=== Input data ===

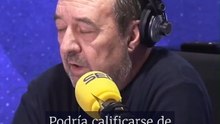 Jesús Maraña responde a Pedro Sánchez y a sus discrepancias con Sumar: "La vivienda no es un salseo"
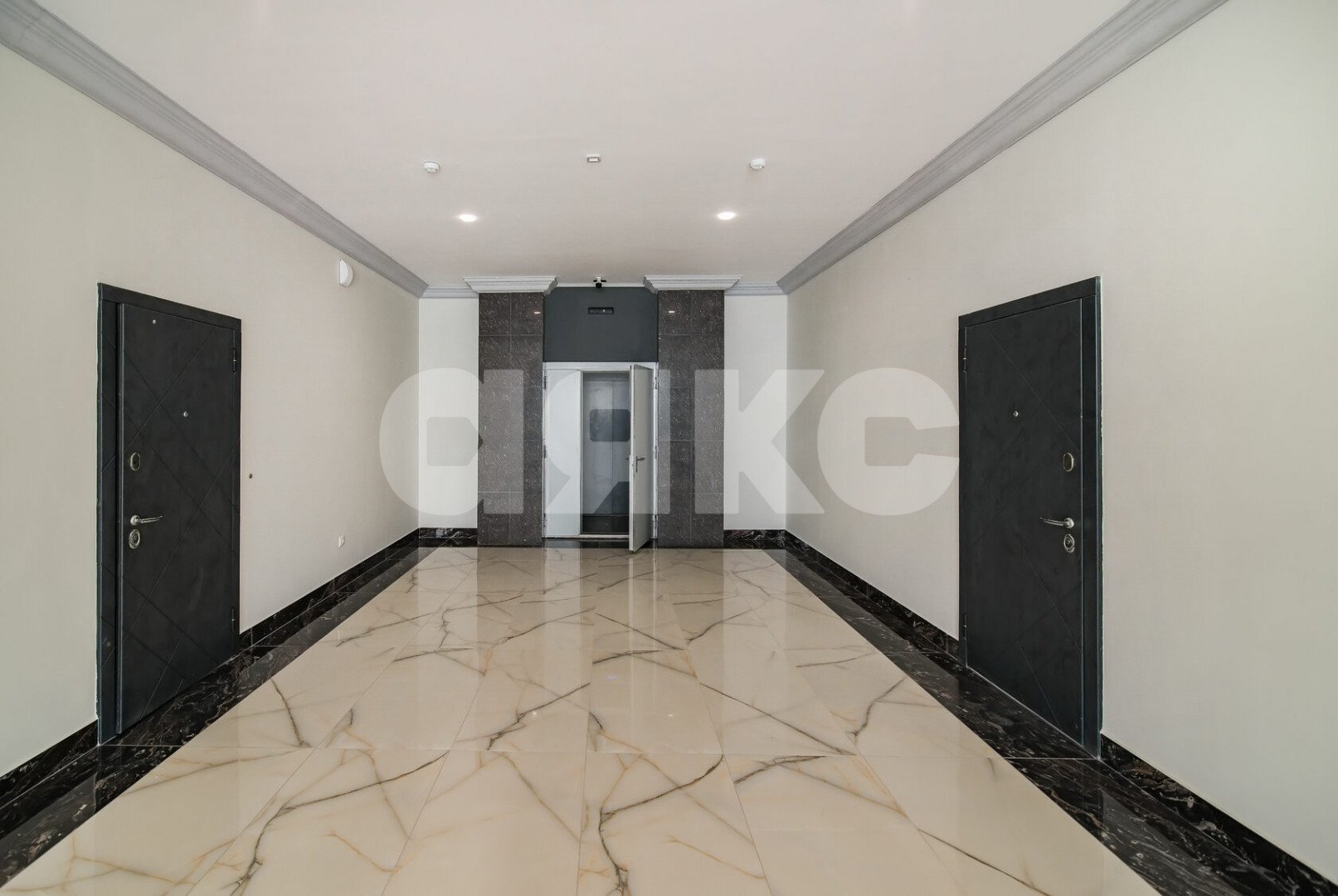 Фото №7: 3-комнатная квартира 72 м² - Сочи, Центральный, мкр. Завокзальный, ул. Туапсинская, 10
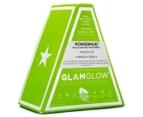 Glamglow Powermud Dual Cleanse Treatment 50g 4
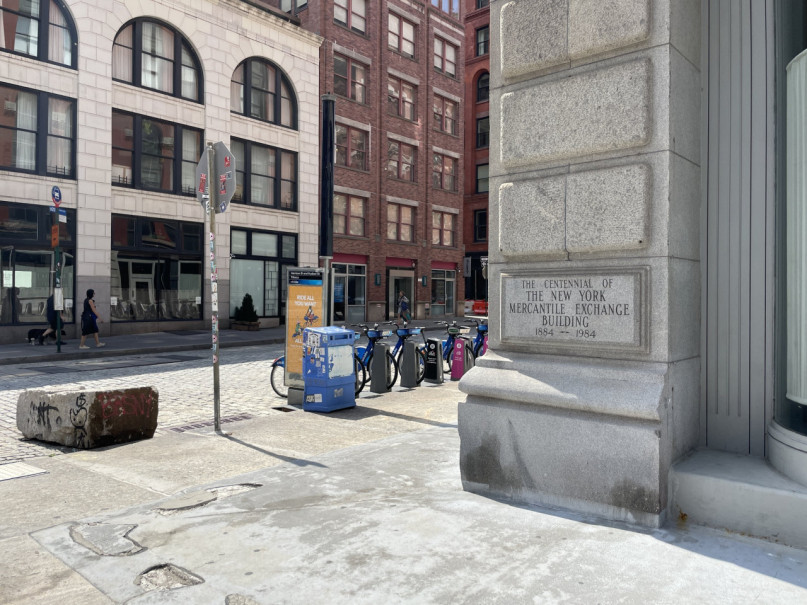 plush74 new york becky 9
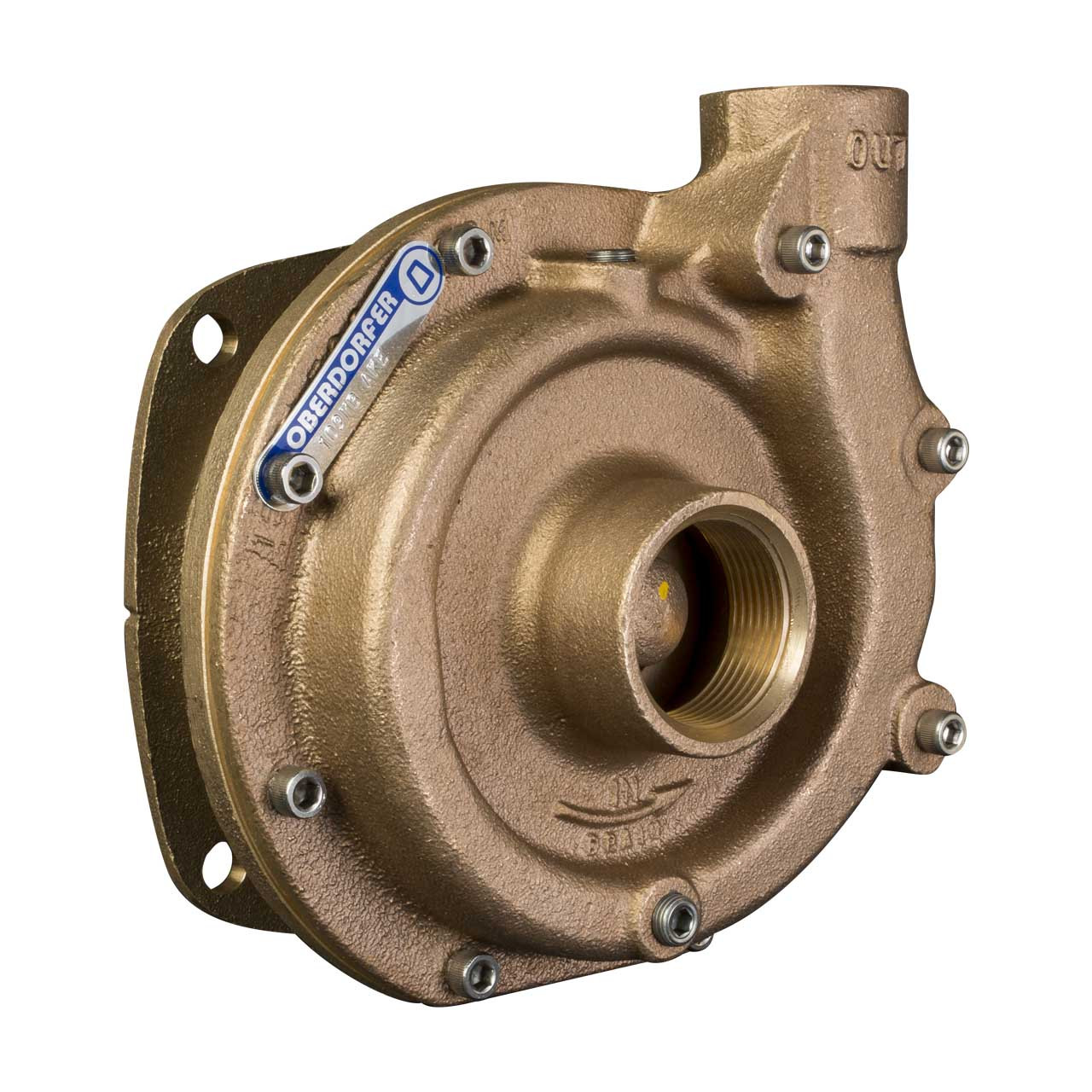 AP エアクリーナー 52mm オーバル形 ストレート 汎用 AP-2A014-52MM 2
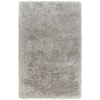 Surya Sheba 2'6" x 8' Runner Rug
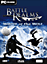 Ubisoft Battle Realms - Winter Of The Wolf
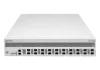 МАРШРУТИЗАТОР ME5100S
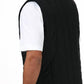 Adidas - Light Padded Utility Vest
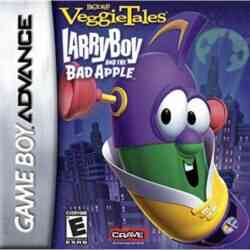 veggietales-larryboy-and-the-bad-apple-usa-gameboy-advance-gba-cover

===

What this task involves: Output every line of the records above unchanged, and keep the pictures out.

Result of this exercise:
 Jesús Maraña responde a Pedro Sánchez y a sus discrepancias con Sumar: "La vivienda no es un salseo"
 Фото №7: 3-комнатная квартира 72 м² - Сочи, Центральный, мкр. Завокзальный, ул. Туапсинская, 10
 Glamglow Powermud Dual Cleanse Treatment 50g 4
 plush74 new york becky 9
 AP エアクリーナー 52mm オーバル形 ストレート 汎用 AP-2A014-52MM 2
 Surya Sheba 2'6" x 8' Runner Rug
 Ubisoft Battle Realms - Winter Of The Wolf
 МАРШРУТИЗАТОР ME5100S
 Adidas - Light Padded Utility Vest
 veggietales-larryboy-and-the-bad-apple-usa-gameboy-advance-gba-cover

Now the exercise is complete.